Friday, March 21, 2003

WUWT, part the second:

- The outrage in some quarters that Avril Lavigne didn't know who David Bowie was or any of the '77 era punk bands or whatever. Why should she? She's not in the same tradition as those guys - she's not making any pretenses about "authenticity" besides a few pseudo-punk marketing gestures that anyone over the age of 15 should be able to spot. Besides that, the whole idea behind this canonization of 60's/70's rock is kind of ridiculous. I like a lot of that stuff, of course, but the idea that you must listen to something or be thought of as ignorant is rather stifling. Do we really want the last 50 years of music and pop culture boiled down to a must-read
(or -view, or -listen) list of 100 things? Honestly, one of the things I love most about pop culture is the fact that it's okay to like what you like without the sort of intellectual defense that you often have to mount in "serious" culture. It would be a shame if that self-seriousness found its way into pop music appreciation.
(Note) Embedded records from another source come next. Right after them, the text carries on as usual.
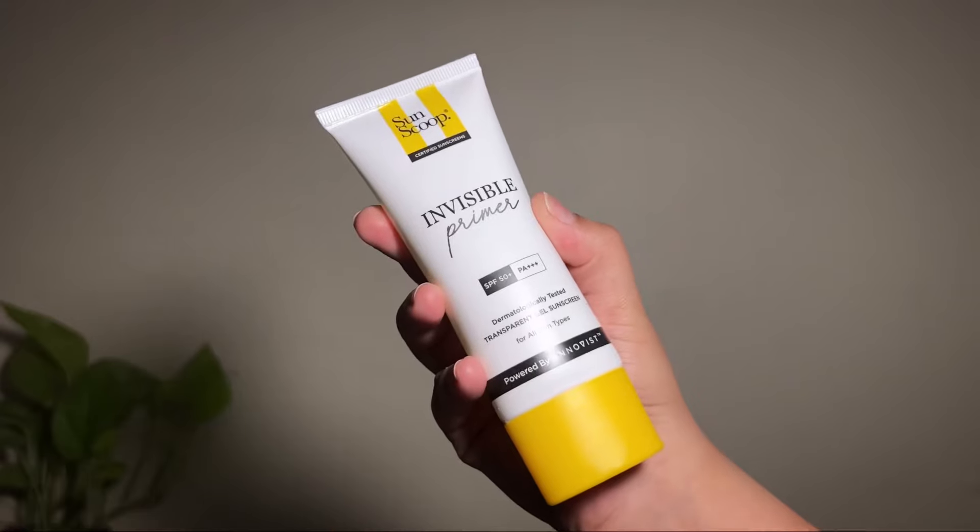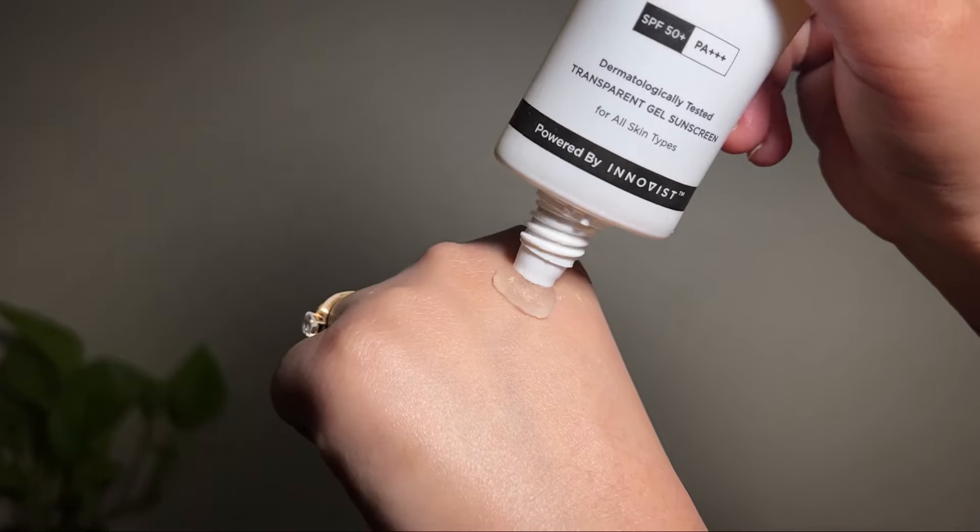Moving on to the next one, the Invisible Primer Sunscreen. I think this is a very old one — I used to use it back in the day and I think it was one of the first sunscreens that had no white cast. This comes with SPF 50 PA+++. The texture is invisible and silicone-y and, as the name suggests, it works like a primer. It reduces the appearance of pores and sits beautifully underneath makeup. It blends in seamlessly, leaves no white cast and will work for all skin types. It is infused with rice extract and silver ear mushroom. It is also fragrance free and does not clog pores.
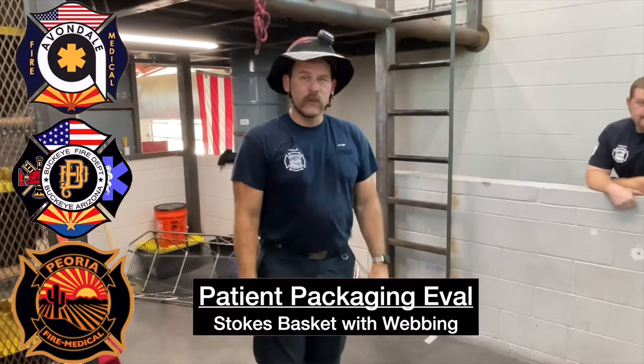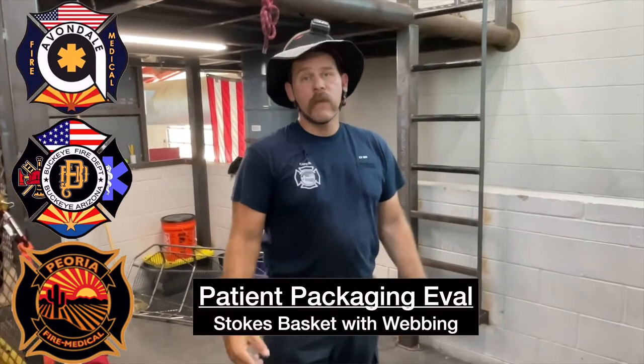Hi, I'm Cy Joy with the Peoria Fire Department and we're going to go over patient packaging for our evaluations.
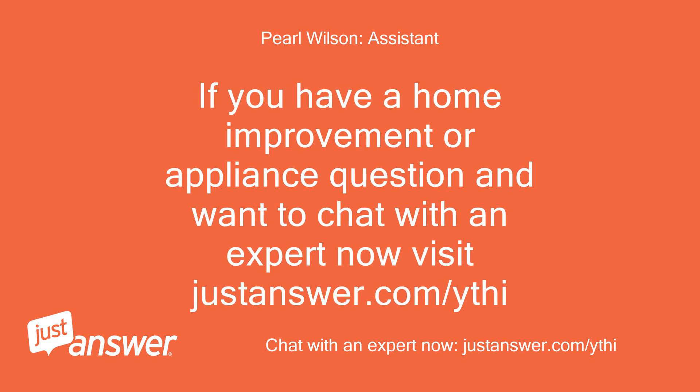If you have a home improvement or appliance question and want to chat with an expert now, visit justanswer.com.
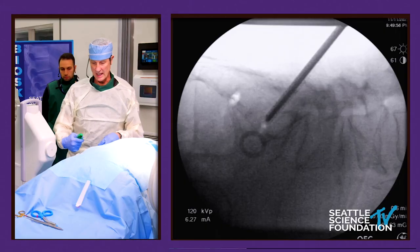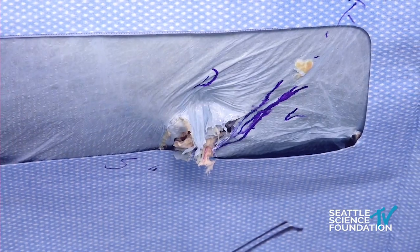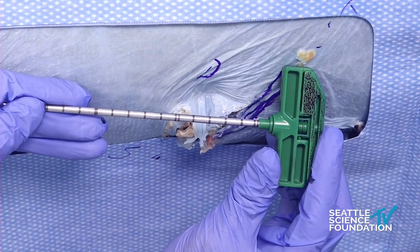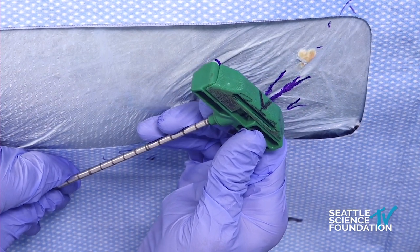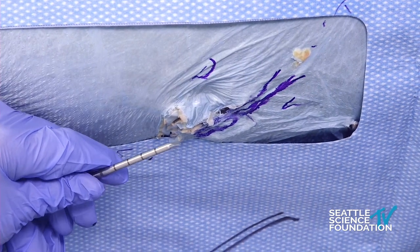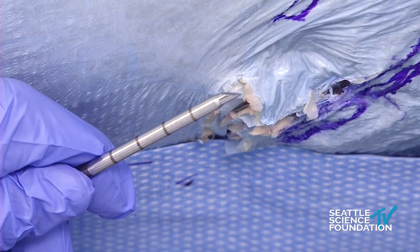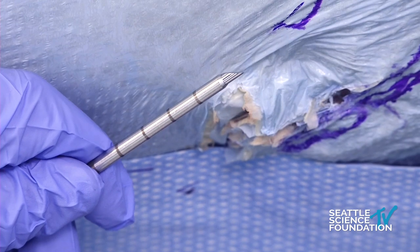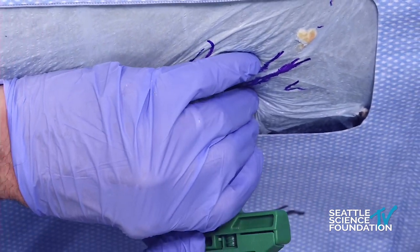We always start with the rigid access. The rigid access needle is here. We always put a mark on it for directionality, because this particular needle doesn't have a mark on directionality so we don't really know where it goes. This is a single bevel needle, as used previously for vertebral augmentation. There is also a diamond tip, but I like the directionality of the single bevel.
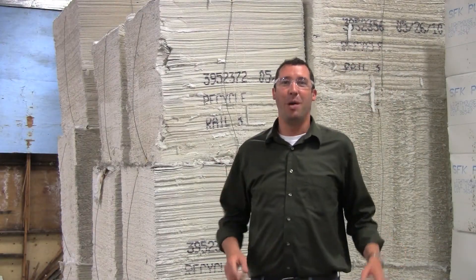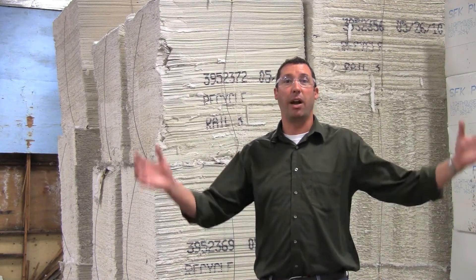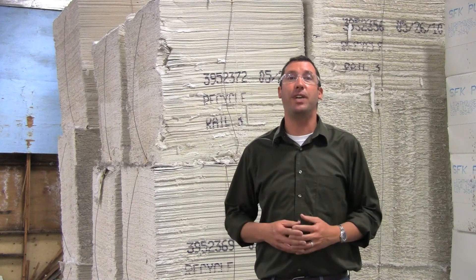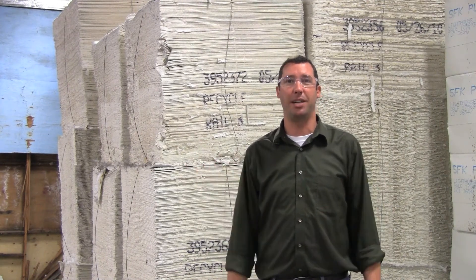Step one: pulp. Pulp is the raw material we use to make paper here at Grace Harbor Paper. We bring it all into our warehouse dry, then we put it into a 15-foot-tall blender to re-liquify it so it will be ready to be made into a sheet of paper.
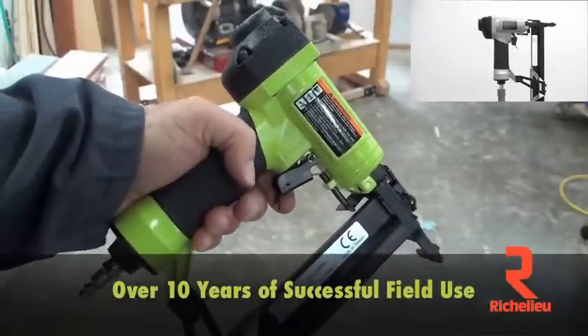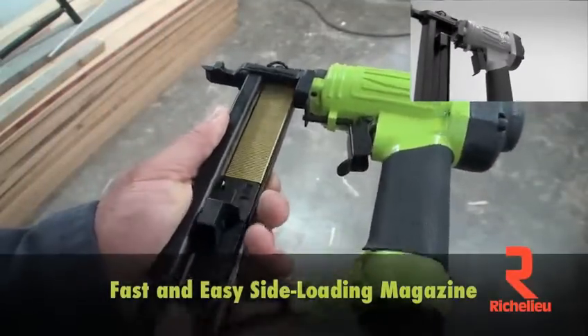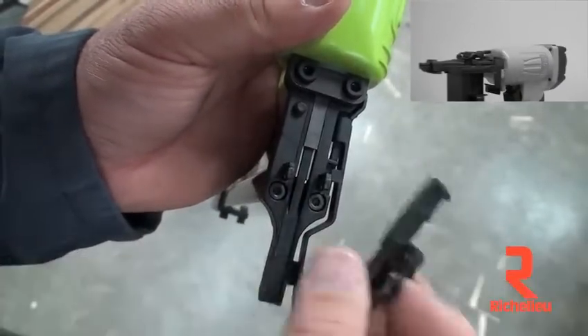The 9032 has proven itself in over ten years of successful field use. The open side-loading magazine makes for fast and easy reloads, and the flip front nose piece makes it easy to clear jams.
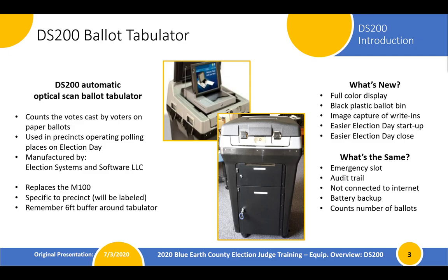The unit is specific to the precinct, so it will be labeled. As part of our opening procedures — the checklist will include this — make sure that you're paying attention when you open the polling place that you have the right precinct tabulator in your polling place. We also have to remember that we need a six-foot buffer around our ballot tabulator so that the voter can feed their ballot into the machine in private.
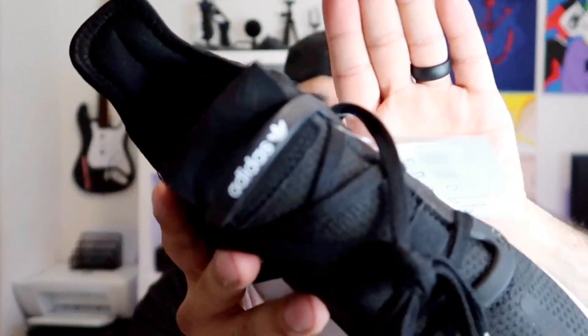All right guys, let's get on to the review of the shoe — give you guys a quick 360 around it. The whole upper is basically this soft mesh material stitched onto the upper. On the sides is this rubbery plastic guard for the laces, and then you've got that nice Adidas logo at the top of it.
- Sports figures speaking out for the war. (I'm talking about David Robinson in that last article.) I'll make you a deal, right wingers of America - shut up the pro athletes and we'll put a muzzle on entertainers speaking out about politics. No backup catchers spewing rhetoric, no Barbra Streisand. I think this is one cause we can all rally behind.

- The new early 1950's nostalgia craze sweeping the country. Blacklists. Duck and Cover. Crypto-fascist nutcases with repressed sexual hangups in charge of the nation's law enforcement. I would provide more examples, but I have to go down to the frat house and swallow a few goldfish, then watch a rigged quiz show on the DuMont.